In the second place, the Declaration conceives religious freedom to be a twofold immunity. First, no man is to be coercively constrained into belief or action contrary to his own convictions; second, no man is to be coercively-restrained from action—that is, from public witness, worship, observance and practice—according to his own convictions. In distinguishing this twofold immunity, the Declaration indicates the structure of the problem, both historical and also theoretical.

Historically, the right of man not to be compelled to believe or to act in a manner contrary to his own convictions came to be acknowledged in the post-Reformation era as the iniquity of the territorial principle—that the religion of the prince is to be a religion of his people—came to be commonly recognized. Historically, however, the right of man not to be forcibly restrained from acting in a manner conformable to his own convictions, in public as well as in private, has not been so readily recognized.
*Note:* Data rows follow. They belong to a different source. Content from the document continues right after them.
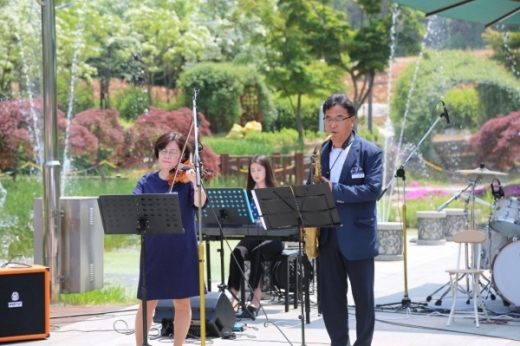 경기도교육연수원의 ‘동틀메아리’ 동호회원들과 도교육청 직원들이 16일 경기도교육연수원 생태연못특설공연장에서 ‘동틀음악회’를열고 다채로운 음악을 선사했다. / 사진제공=경기도교육청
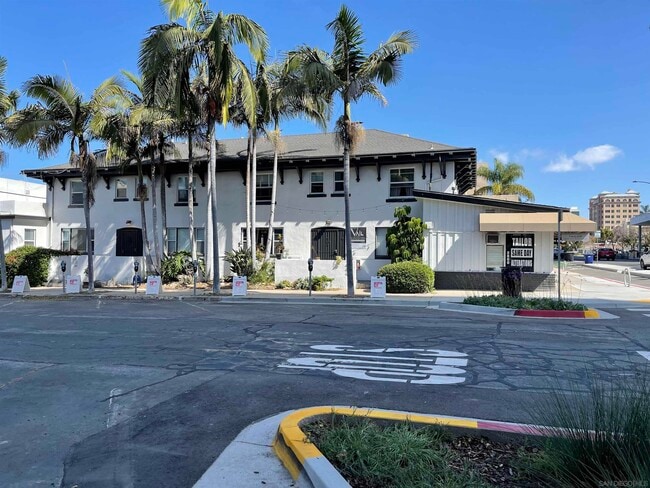 Building Photo - 440 Olive St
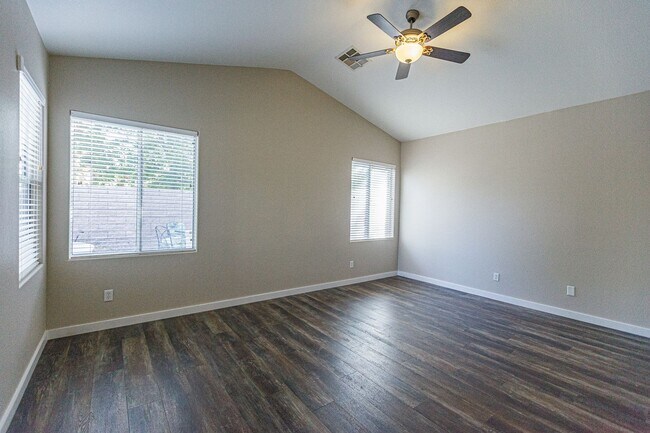 Building Photo - 1344 Temporale Dr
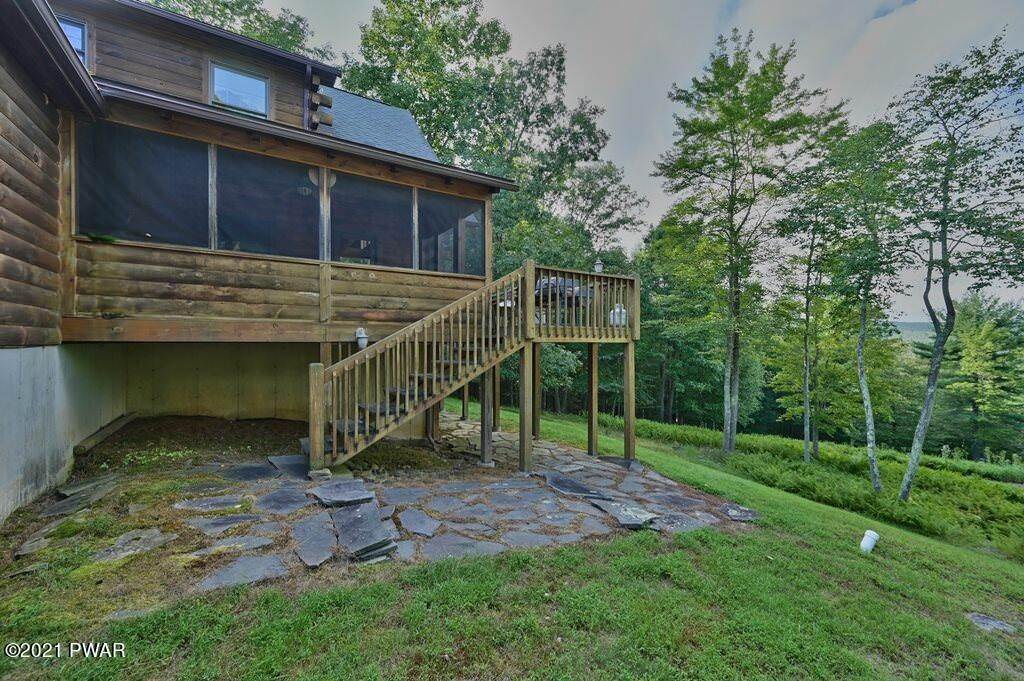 4. Single Family Homes for Sale at 632 Masthope Plank Rd Lackawaxen, Pennsylvania 18435 United States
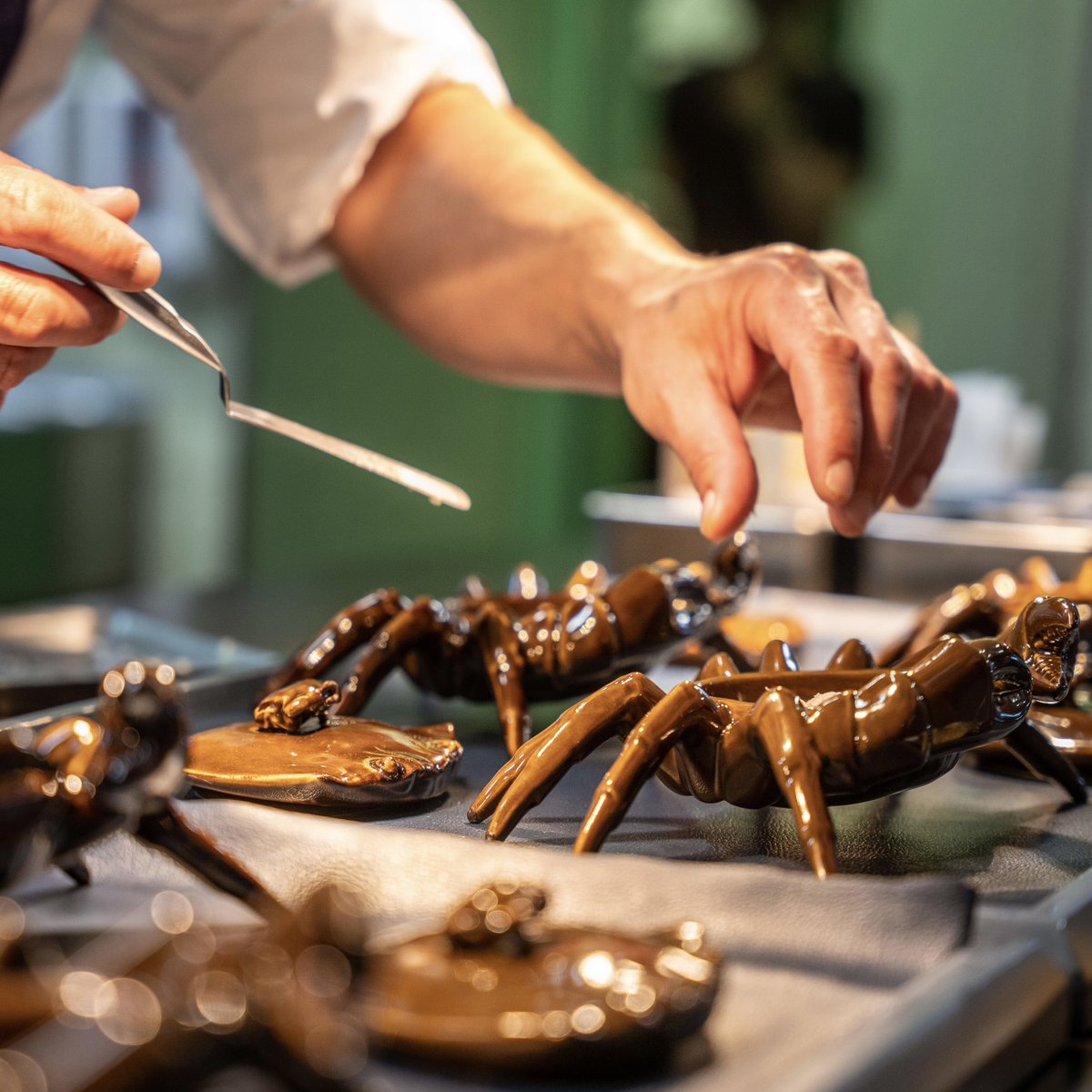 GuiaMichelin_ES's tweet photo. #MICHELINPorto Ayer disfrutamos de una experiencia gastronómica con increíbles vistas de Oporto, el hotel @TheYeatman, con Dos #EstrellasMichelin, de Ricardo Costa. ¡Una cena muy especial para comenzar este gran viaje! #GuiaMICHELIN23 #AHRESP #infoAHRESP #VisitPortugal #TimeToBe https://t.co/YxC7krUBYp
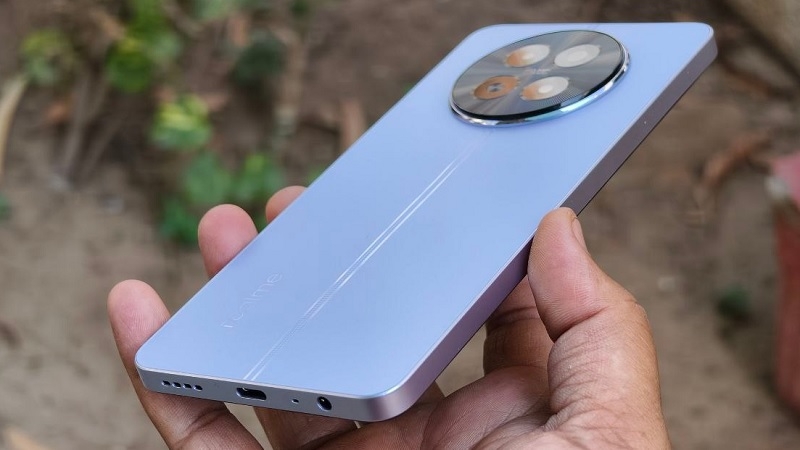 Khi nào cần thay nắp lưng Realme 12x 5G?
Among the Conciliar Fathers at Vatican II there were those who were still unwilling to recognize this right. They wished to defend the historic religious prerogative of the Catholic state—its right to repress public manifestations of non-Catholic belief and worship in the name of the common good, of which the religious unity of the people is an integral element, to be protected by the coercive force of law and government.

At that, the theoretical aspect of the problem is the more important. If an authority exists that is empowered to restrain men from public action in accordance with their religious beliefs, this authority can reside only in government, which presides over the juridical and social order. Therefore, in order to prove the validity of the moral claim of the human person to immunity from such restraint, it is necessary to show that no valid counterclaim can be entered by government. Here the political issue in the question of religious freedom appears. It is the crucial issue. It concerns functions and the limits of government in the order of religion. It may perhaps be doubted whether the Declaration manifests sufficient awareness that this political issue is the crucial issue. Fortunately, however, it states the two principles which avail for the solution of the issue. This will appear.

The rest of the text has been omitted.